D. Improve urban services, maintenance, and functionality
12) Increase the use of municipal performance monitoring and benchmarking to improve service delivery
Providing municipal services is especially challenging in urban environments with high densities, aging infrastructure, and diverse populations. There are numerous emerging techniques and technologies that support municipal efforts to improve service delivery through tracking, benchmarking, and evaluation. These systems can operate across all departments citywide (e.g., the “Stat” programs described in (#3C Cost-effective service delivery), or they can target a particular neighborhood and focus on specific elements such as public works.

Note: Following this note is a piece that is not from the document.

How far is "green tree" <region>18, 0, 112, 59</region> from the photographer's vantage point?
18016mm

Computerized Neighborhood Environment Tracking (ComNET) is a tool that allows residents to document physical infrastructure deficiencies and hazards, such as potholes or faded cross walks, in their neighborhoods. The resulting inventory includes information about the location and nature of the problem, helping municipal agencies to stay informed of needs and enabling residents to hold municipalities accountable for repairs. Such a program has been applied with some success in Worcester and should be replicated in other urban communities.
12.a Municipalities should seek opportunities to apply Computerized Neighborhood Environment Tracking
13) Increase bicycle, pedestrian, and transit accessibility and safety
MetroFuture recommends focusing more growth in urban communities where residents will have better access to shops, services, and employment. The high densities of urban communities mean that more destinations are located in close proximity, so people have less distance to travel. This facilitates walking, biking, or taking transit more often, but only if those choices are safe and convenient.

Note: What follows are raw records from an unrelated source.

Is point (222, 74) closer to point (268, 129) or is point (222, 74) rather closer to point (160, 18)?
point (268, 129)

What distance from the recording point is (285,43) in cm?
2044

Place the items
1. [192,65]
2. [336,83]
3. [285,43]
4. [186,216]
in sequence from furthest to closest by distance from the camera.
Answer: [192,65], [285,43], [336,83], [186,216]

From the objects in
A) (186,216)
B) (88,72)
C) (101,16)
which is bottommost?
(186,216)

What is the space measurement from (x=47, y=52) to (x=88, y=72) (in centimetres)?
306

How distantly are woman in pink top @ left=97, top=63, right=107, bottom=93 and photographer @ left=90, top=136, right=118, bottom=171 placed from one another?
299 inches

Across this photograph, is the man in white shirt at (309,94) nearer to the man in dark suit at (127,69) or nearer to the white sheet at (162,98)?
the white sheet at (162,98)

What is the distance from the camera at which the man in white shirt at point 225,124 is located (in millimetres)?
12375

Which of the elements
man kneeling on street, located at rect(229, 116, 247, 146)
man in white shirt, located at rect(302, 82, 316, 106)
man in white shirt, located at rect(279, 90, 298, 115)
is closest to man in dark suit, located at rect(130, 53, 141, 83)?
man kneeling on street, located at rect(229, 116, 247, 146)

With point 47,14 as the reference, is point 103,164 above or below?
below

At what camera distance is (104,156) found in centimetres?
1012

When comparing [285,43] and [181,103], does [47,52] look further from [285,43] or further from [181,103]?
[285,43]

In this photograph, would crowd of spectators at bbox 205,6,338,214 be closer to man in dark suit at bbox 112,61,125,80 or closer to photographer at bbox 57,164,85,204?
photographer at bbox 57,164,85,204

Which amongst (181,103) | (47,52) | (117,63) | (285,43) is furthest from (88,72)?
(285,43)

Municipalities can take many steps to improve pedestrian and bicycle infrastructure; many of these recommendations are described in Strategy 4 (Transportation). Urban communities face a special set of challenges and opportunities, and should have dedicated staff concerned with non-motorized access. The City of Boston recently created “Boston Bikes,” a city office charged with focusing on comprehensive bike planning. This model could be replicated in other municipalities, and might also be secured regionally, through a municipal employee or MAPC staffperson shared by multiple municipalities.
Municipalities can also improve safety for bicyclists and pedestrians by reducing speed limits on city streets and increasing enforcement of traffic violations. Current Massachusetts laws set the “prevailing” speed limit at 30 miles per hour on streets without speed limit signage. Legislative action could reduce this prevailing speed limit to 25 miles per hour (and 15 miles per hour in school zones), an important step in promoting safer driving in urban areas. Widespread application of red light cameras would also help to deter red-light running and improve safety at intersections.
13.a Municipalities should establish a coordinating entity to focus on non-motorized transportation
13.b The Legislature should reduce the prevailing speed limit from 30 mph to 25 mph in urbanized areas
13.c The Legislature should permit the use of “traffic control signal violation monitoring system devices” (red light cameras) in all cities of the Commonwealth.